* _YOUR OBJECTIVE_
Nothing but the lines below from the one that contains "Blue 2023 Tesla Model Y Long Range" through the one that contains "1451 W Bluemont" should be retyped, exactly and including both ends. Do not include pictures.

Segment Start: INPUT RECORDS

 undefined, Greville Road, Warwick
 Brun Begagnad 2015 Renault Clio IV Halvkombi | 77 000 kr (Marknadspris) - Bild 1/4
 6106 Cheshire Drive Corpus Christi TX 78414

Segment End: INPUT RECORDS
Segment Start: INPUT RECORDS

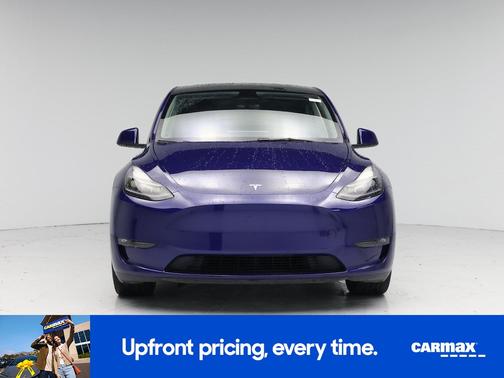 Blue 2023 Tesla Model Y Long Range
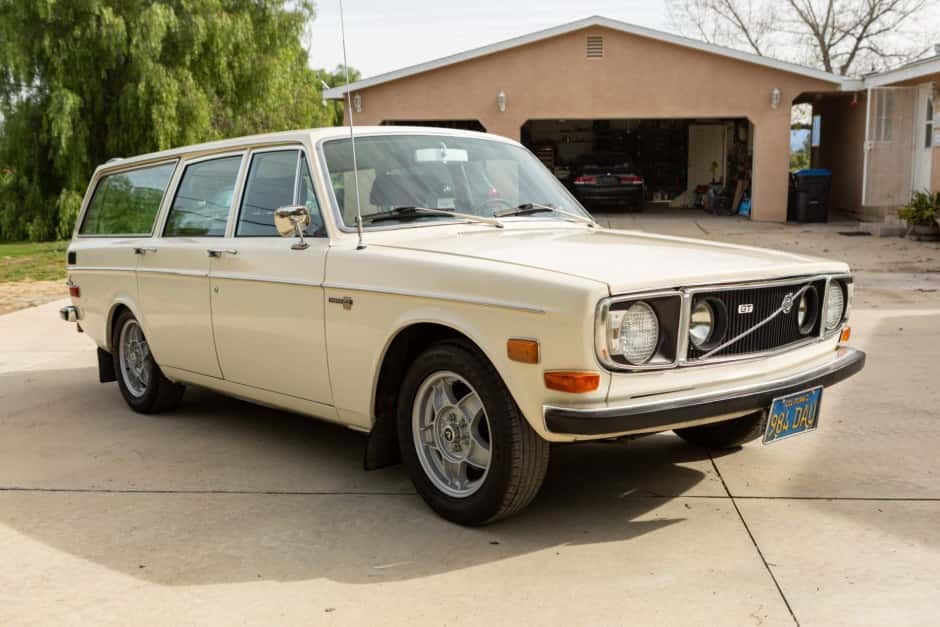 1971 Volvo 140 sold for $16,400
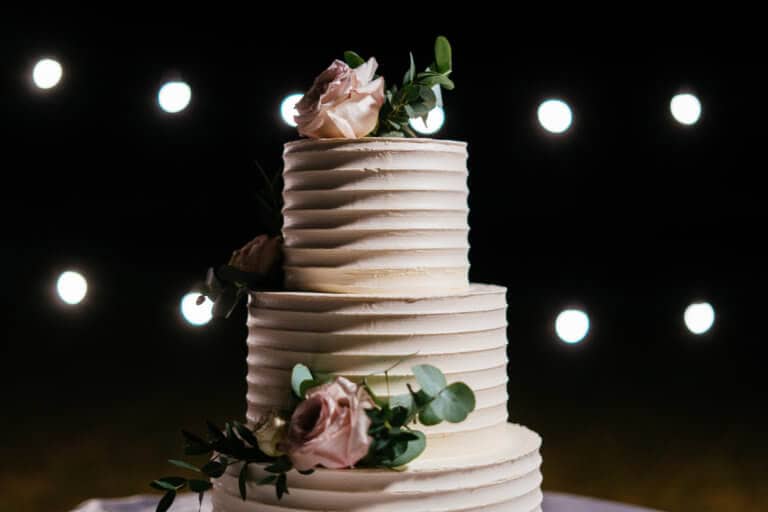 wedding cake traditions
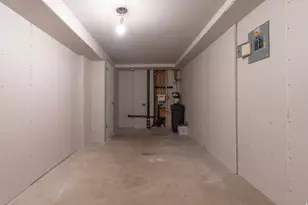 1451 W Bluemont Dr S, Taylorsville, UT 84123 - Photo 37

Segment End: INPUT RECORDS

* _RESULT_
 Blue 2023 Tesla Model Y Long Range
 1971 Volvo 140 sold for $16,400
 wedding cake traditions
 1451 W Bluemont Dr S, Taylorsville, UT 84123 - Photo 37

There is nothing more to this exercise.